O poeta colaborou com músicos para a produção de um CD e com uma produtora de videogames para o desenvolvimento de um jogo. A lápide, portanto, foi mais uma dessas experimentações transmídia de Sondergaard.
"Quando soube da estripulia, a administração do cemitério deixou passar. Apesar de lápides falsas serem proibidas, ela achou que aquela não fazia mal a ninguém, e ainda renderia mais um ponto de destaque em uma necrópole que já tem alguns deles."
Que lugar é esse?

Inaugurado em 1760 para desafogar os cemitérios abarrotados dentro das muralhas da cidade, o Assistens servia à população pobre de Copenhague. Mas a situação mudou no século 19, durante a chamada era dourada dinamarquesa.

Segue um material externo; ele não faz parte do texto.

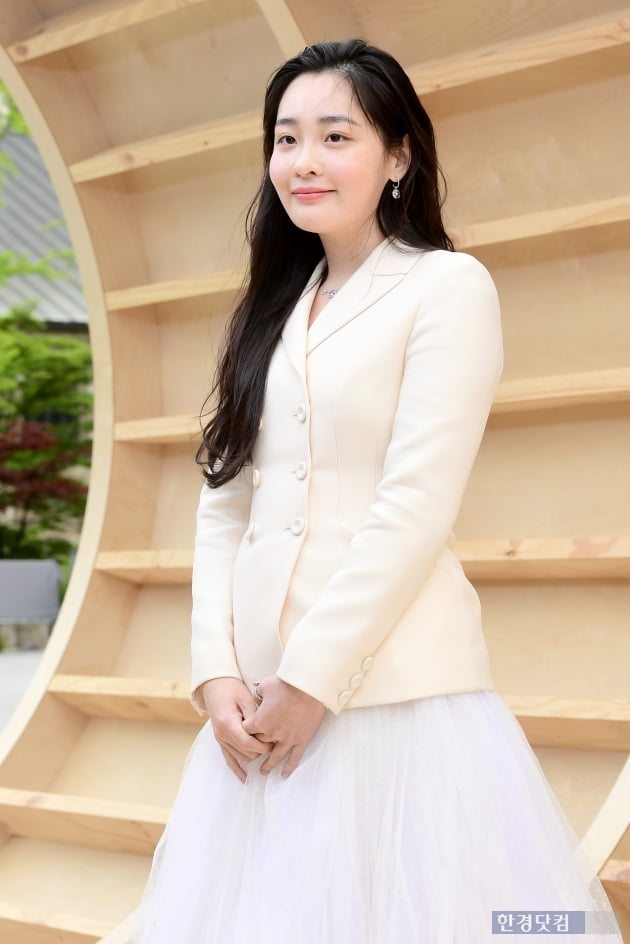[포토] 김민하, 단아한 모습에 눈길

Grandes nomes da cultura do país passaram a ser enterrados lá. Isso deixou o cemitério na moda entre a elite.
O filósofo Soren Kierkegaard (pioneiro do existencialismo), o artista plástico Christopher Eckersberg (tido como o pai da pintura dinamarquesa), o escritor Hans Christian Andersen (um dos mais famosos autores de contos infantis da história) e o físico Niels Bohr (um dos maiores cientistas do século 20) foram sepultados no Assistens.
Nomes mais recentes incluem o popular escritor Dan Turèll (que terá uma série de livros adaptada para o streaming em 2026) e a rapper Natasja (conhecida pelo hit "Calabria", onipresente nas pistas de dança dos anos 2000).
No início do século 19, com a popularização, o cemitério virou ponto de encontro de vivos. Não de esquisitões e protogóticos que gostam desse tipo de ambiente, mas do cidadão de bem, pagador de impostos, pai e mãe de família, cioso de seus deveres.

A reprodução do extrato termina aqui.